Being Responsible for More and More
Posted on July 29, 2009
Don't allow yourself to be pulled in too many different directions, advises Kiki D. Chang (bio).
Eventually, once you get to a critical mass of having enough grants, you have to make sure you've hired the right people, and then you have an operational machine. And the question is, do you want to grow it even more?
So it doesn't make your life easier, it actually makes your life much harder, and you're responsible for more people and more studies. So it's a question if you're going that direction — if you want to go that direction or not. You can stay with doing your own studies, a smaller group, smaller lab if you'd like, and you can keep going for a long time on that, or do you want to keep growing, and growing, and growing, or do you want to stop at a certain time? Those are really good questions. It's really up to the own individual to figure out what your career path is.
My career path — I'm trying to decide that right now. It's a good question. Because at my level, now, as associate professor and having done this work for so long, people are — there's a lot of good positions, especially in child psychiatry, for example. There's a lot of great positions around the country. A lot of directorships, a lot of people who need administrators to run things and to build programs, and this is all very important stuff, and it may be very flattering that someone may be asking you to be the head of child psychiatry, the head of this, or direct this, but is that really what you want to do? And if you're going towards research remember, that's going to dilute it a lot.

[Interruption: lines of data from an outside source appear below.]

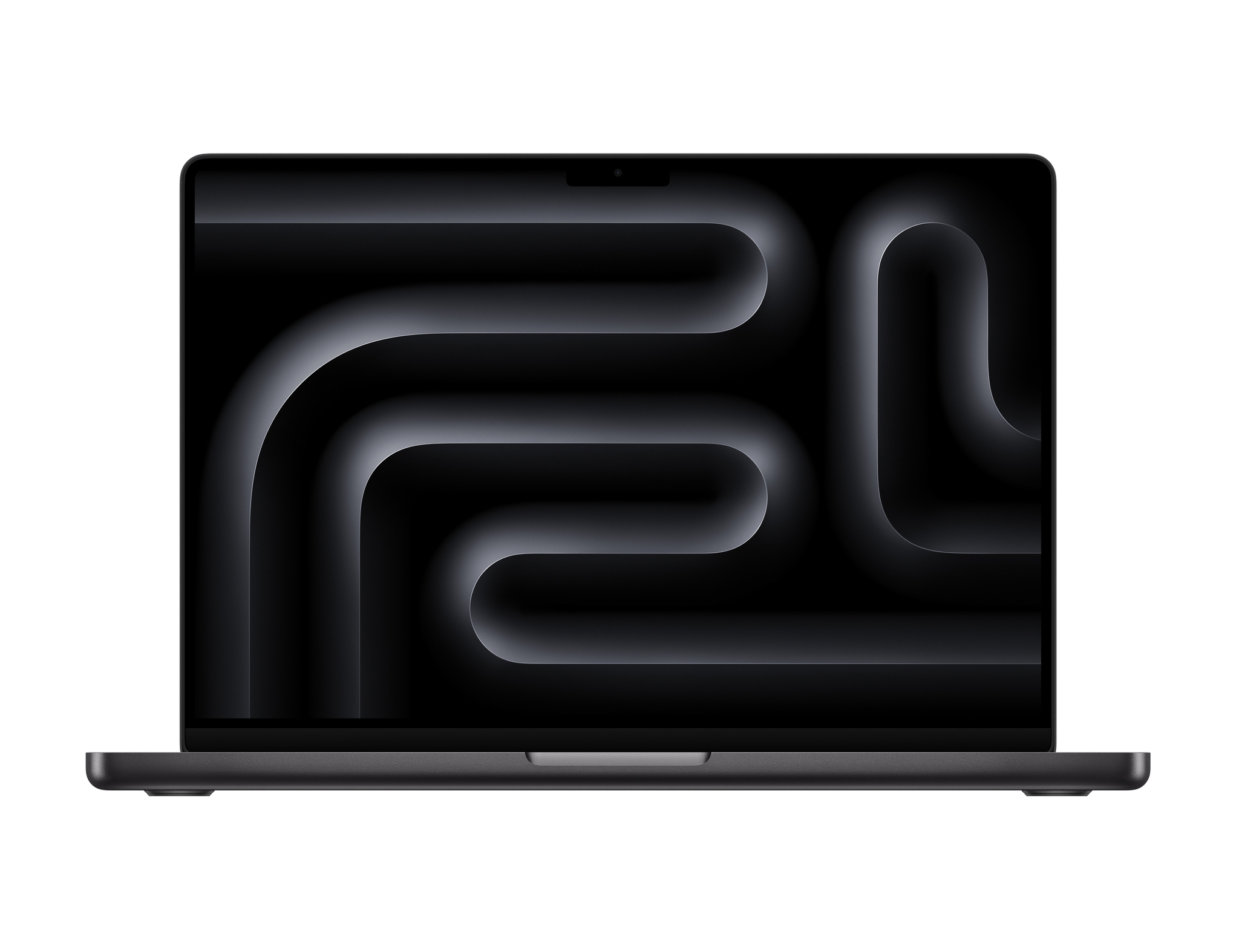 Ноутбук Apple MacBook Pro 14.2 (2025) M5 16/1 ТБ Черный космос (MDE14)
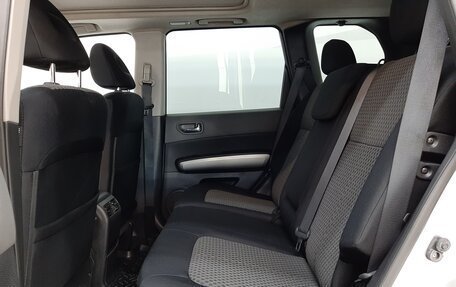 Nissan X-Trail, 2008 год, 1 270 000 рублей, 12 фотография
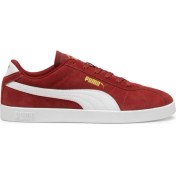 Resim Puma Club II Intense Kırmızı Erkek Sneaker | Orijinal 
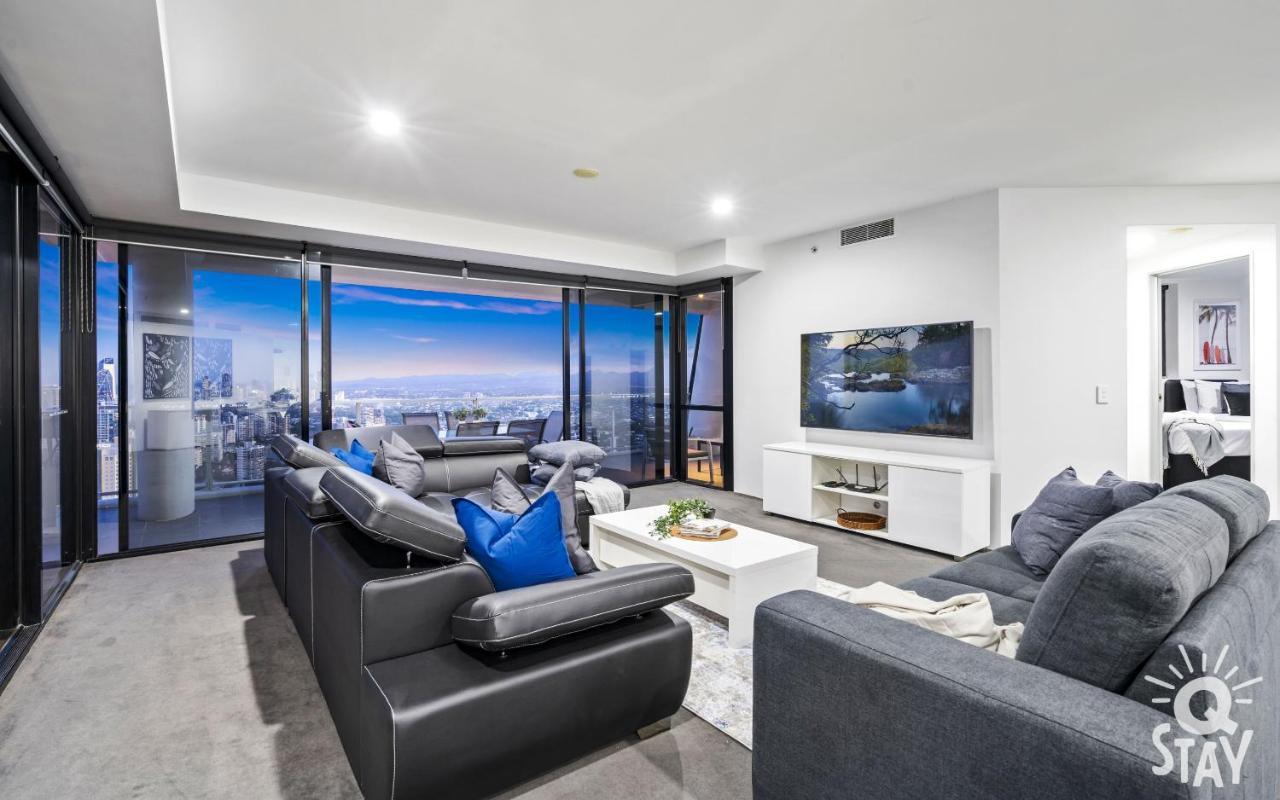 Circle On Cavill Surfers Paradise Mid Week Madness Deal - Q Stay Gold Coast Exterior foto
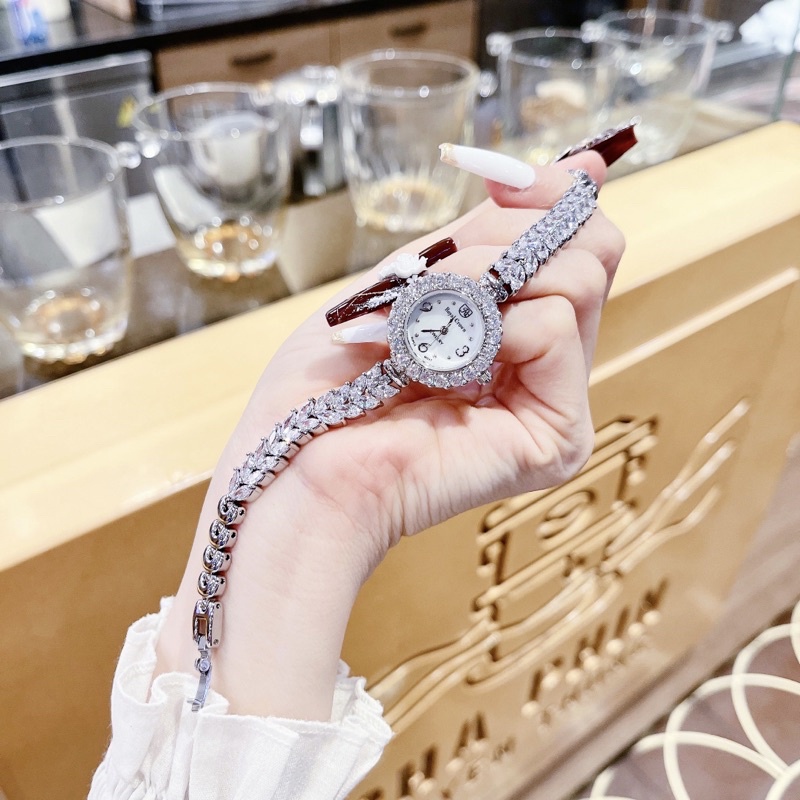 Đông hồ Royal Crown 5266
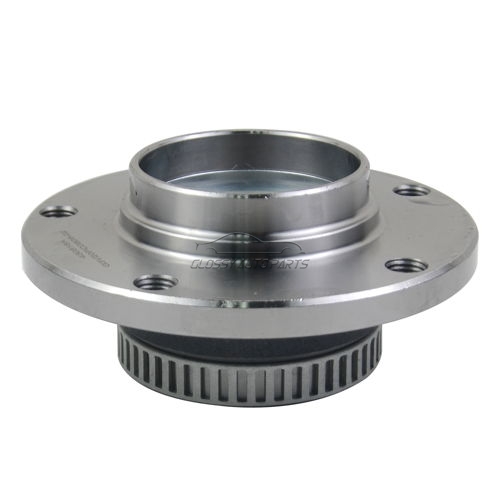 Front wheel Bearing Hub For BMW E36 E46 E85 E86 31226757024 31 22 6 757 024 BR930161 0516020 051-6210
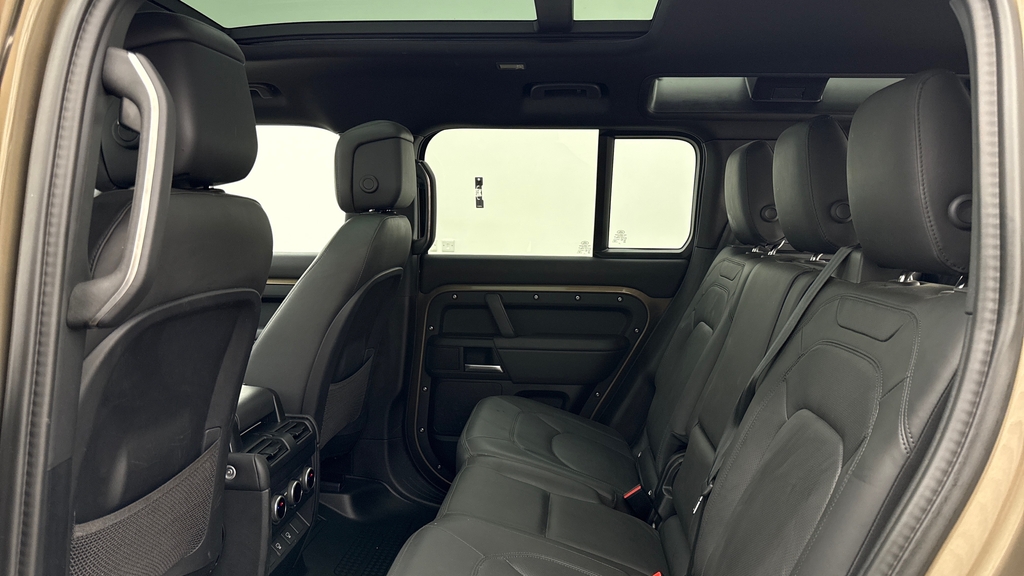 Land Rover Defender 110 D350 X-dynamic Hse Gondwana Stone  #4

So that's where I'm at right now is that there's offers and there's ideas. Even internally there's ideas. Well, should I be taking more of administrative role or should I continue on with the research? At an early career level, it's clear that you want to get the research thing going unless your goal is to become an administrator, but really you should get the research thing going. But after a few years of that, you'll be pulled in a lot of different directions.
Excerpted from interview with researcher at the 2009 Career Development Institute for Psychiatry in Palo Alto, CA.